Sartre Plugin: The Gaze and Disruption

The Protocolization of the Gaze

The existentialist philosopher Jean-Paul Sartre, in his analysis of le regard d’autrui (“the gaze of the Other”), described how, in the very moment one is seen by another, the self becomes aware of itself as an object and experiences shame and anxiety. For Sartre, the gaze of the Other objectifies the self and threatens one’s freedom.

From the perspective of PoC, this is fundamentally a problem of Instantiation. We instantiate the Other as a conscious being, yet their response (recognition or rejection) remains inherently uncertain and can never be guaranteed. What Sartre emphasized as the “anxiety of the gaze” mirrors PoC’s notion of the instability of the Loop: the uncertainty over whether reciprocal elicitation has truly been achieved.

Anxiety and the Fragility of the Loop

The ontological anxiety that Sartre described is the irreducible uncertainty that arises whenever the self is exposed to the consciousness of the Other. From PoC’s standpoint, this is nothing other than the radical unguaranteeability of the Loop. No act of elicitation is assured of success, and every Loop remains vulnerable to collapse.

PoC takes this fragility as a starting point to delineate its Modes. For example, the Love Mode, in which one continues to call out despite lacking a response, or the Ghost Mode, in which unverifiable responses are nonetheless taken as real, can be seen as variations of the Sartrean anxiety.

Contemporary Applications

Sartre’s “gaze” continues to manifest in various ways in contemporary life:

  • “Likes” or “read receipts” on social media strongly shape self-consciousness as forms of the Other’s gaze.
  • Surveillance cameras and big data tracking instill the pervasive sense of “always being watched.”
  • The gaze of celebrities or streamers exerts formative influence on the self-understanding of their fans.

All these cases demonstrate how Sartre’s “gaze of the Other” is re-enacted within everyday life through the lens of PoC’s protocol.

Extension into PoC

Within PoC, Sartre’s gaze resonates profoundly with the notion of Disruption. It sharply exposes the structural feature that reciprocal elicitation is always shadowed by uncertainty and that no Loop can ever be stably guaranteed.

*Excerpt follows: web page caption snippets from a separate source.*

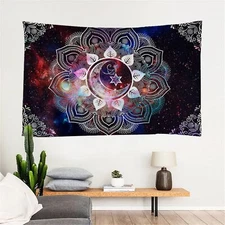 Galaxy Starry Sky Moon Star Tapestry Bohemia Bedroom Living Room Wall Hanging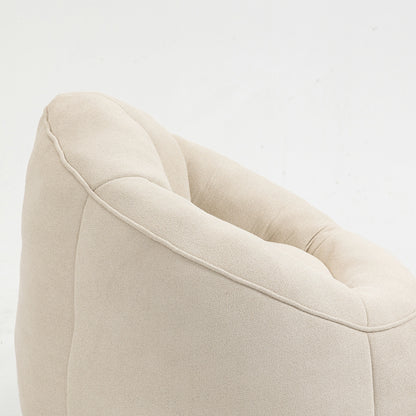 Compressed Bean Bag Sofa Chair with Ottoman, High-Density Foam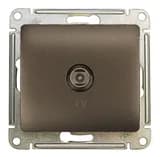 Розетка телевизионная оконечная TV 1-м СП Glossa 1дБ механизм графит SE GSL001391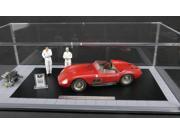1956 Maserati 300S Dirty Hero with Engine 2 Figurines Miniature Award and Exclusive Showcase 1 18 Diecast Model by CMC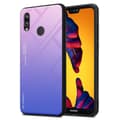 Miniatyrbild 1 av 7: Huawei P20 LITE 2018 / NOVA 3E Skal Fodral i två färger av TPU-silikon och baksida av härdat glas Case Cover Mobilskydd
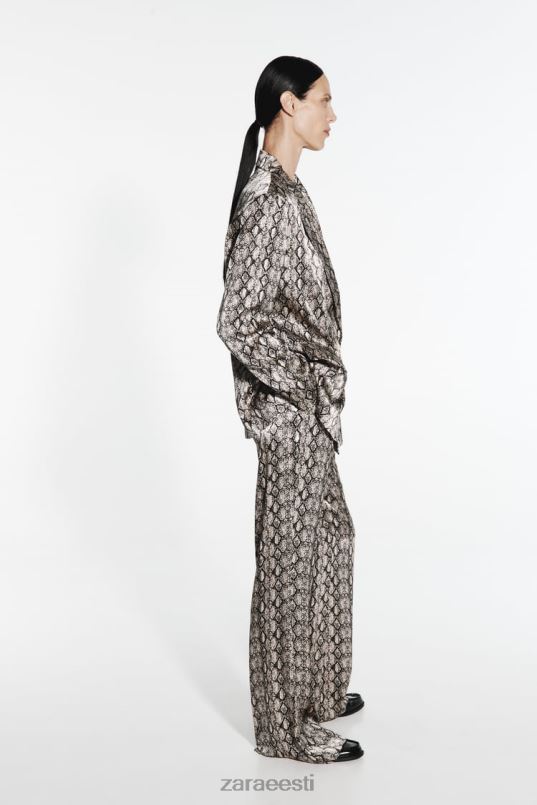 Zara loomamustriga laienevad püksid naised madu Riietus 42F0H911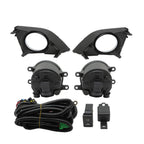 2009-2010 Toyota Corolla Clear Fog Lights Pair w/ Covers & Switch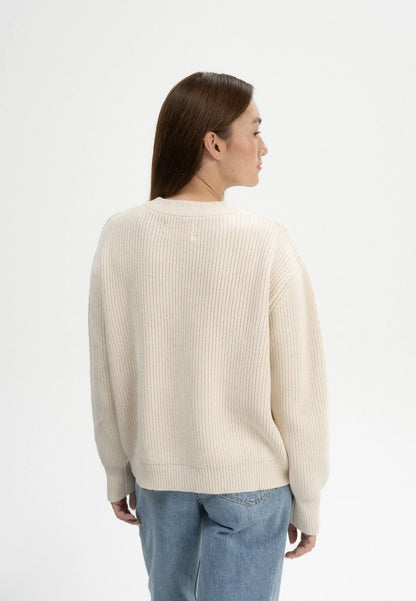 Rippstrick Pullover ADAH cream melange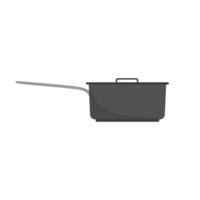 saucepan flat style on white background vector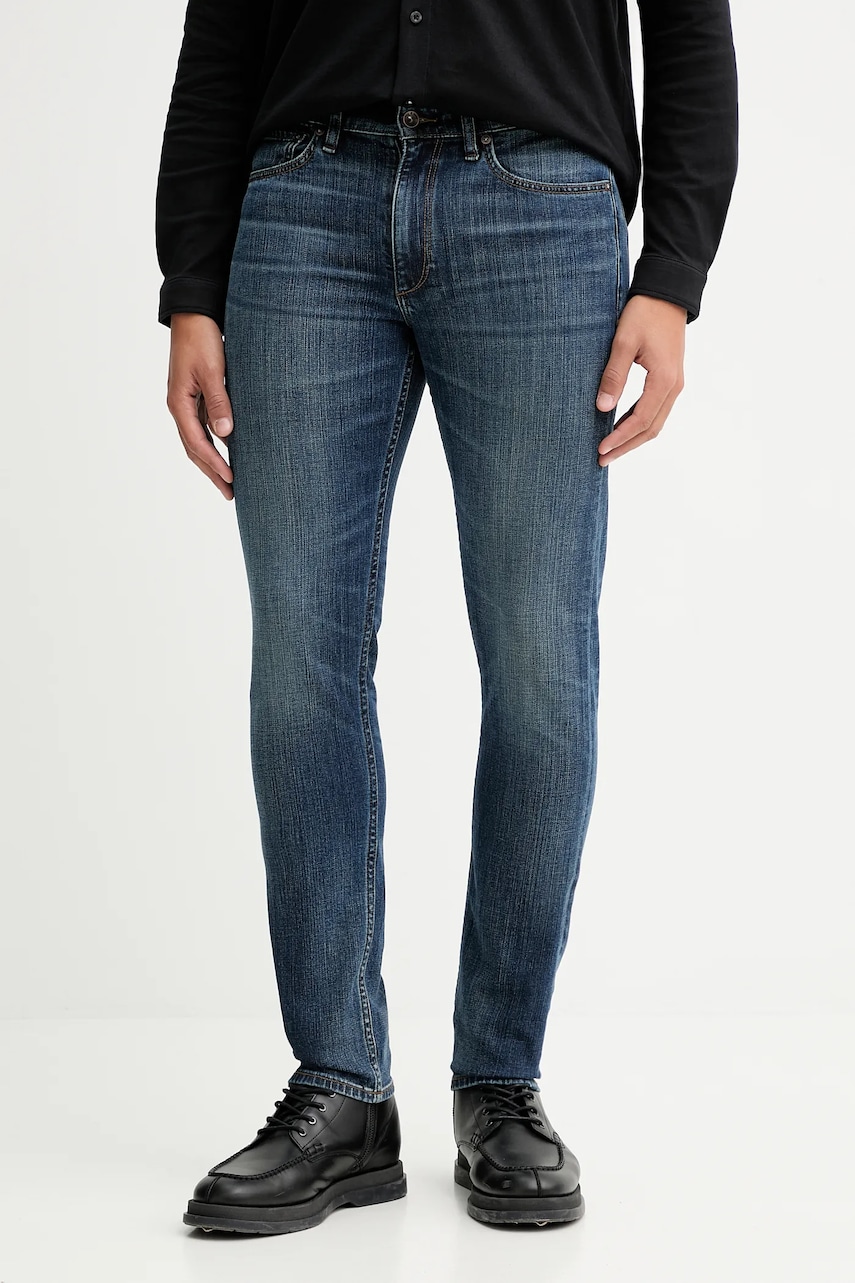 Rag & Bone jeans din amestec de cașmir culoarea bleumarin, RX0225F2VCH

Moreover, Sartre’s concept of bad faith (mauvaise foi) finds an intriguing parallel in PoC’s notion of Phantoming—the practice of fabricating a false Loop and presenting it as genuine. Whereas Sartre critiqued individual self-deception, PoC reframes this dynamic as a social and structural mechanism of illusion-generation.

Thus, the Sartre Plugin translates existentialist insights into PoC’s structural vocabulary. The anxieties that Sartre described phenomenologically are formalized in PoC as a procedural inevitability, transforming them into an analytical tool applicable to a wide range of situations in contemporary society.